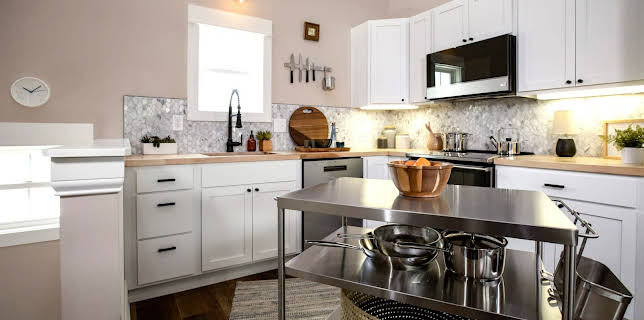 05:40: Good Bones - Mutter, Tochter, Home-Makeover | Sixx | 2/12 2026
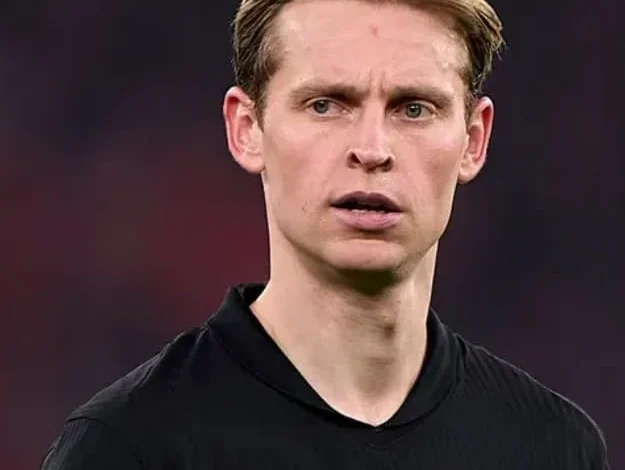 متى ينتهي عقد دي يونج مع برشلونة؟ عقد فرينكي دي لونغ الجديد مع برشلون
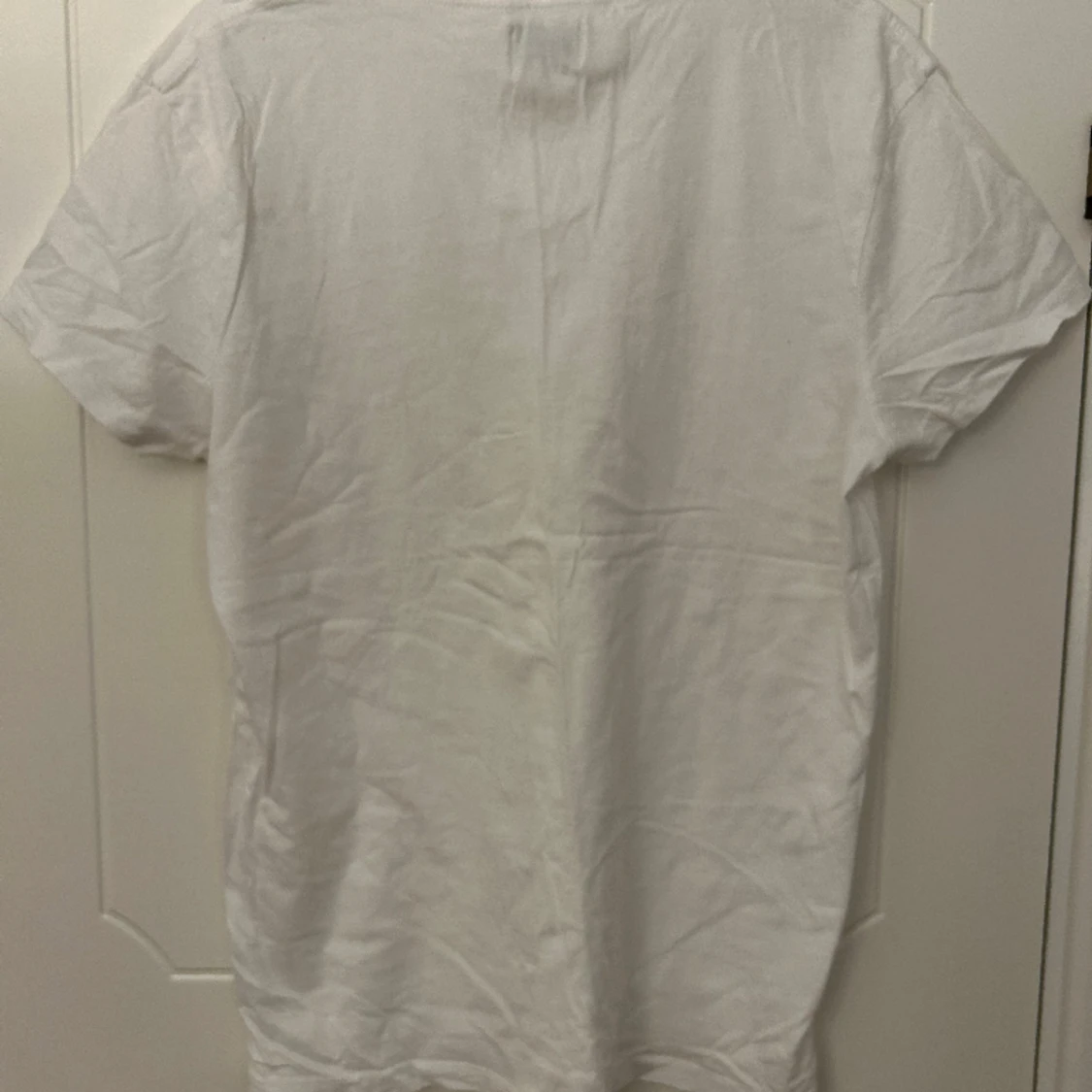 V-neck T-shirt - 90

## Try it
Only the pictures are to be left out; repeat all other material exactly.

## Output
 05:40: Good Bones - Mutter, Tochter, Home-Makeover | Sixx | 2/12 2026
 متى ينتهي عقد دي يونج مع برشلونة؟ عقد فرينكي دي لونغ الجديد مع برشلون
 V-neck T-shirt - 90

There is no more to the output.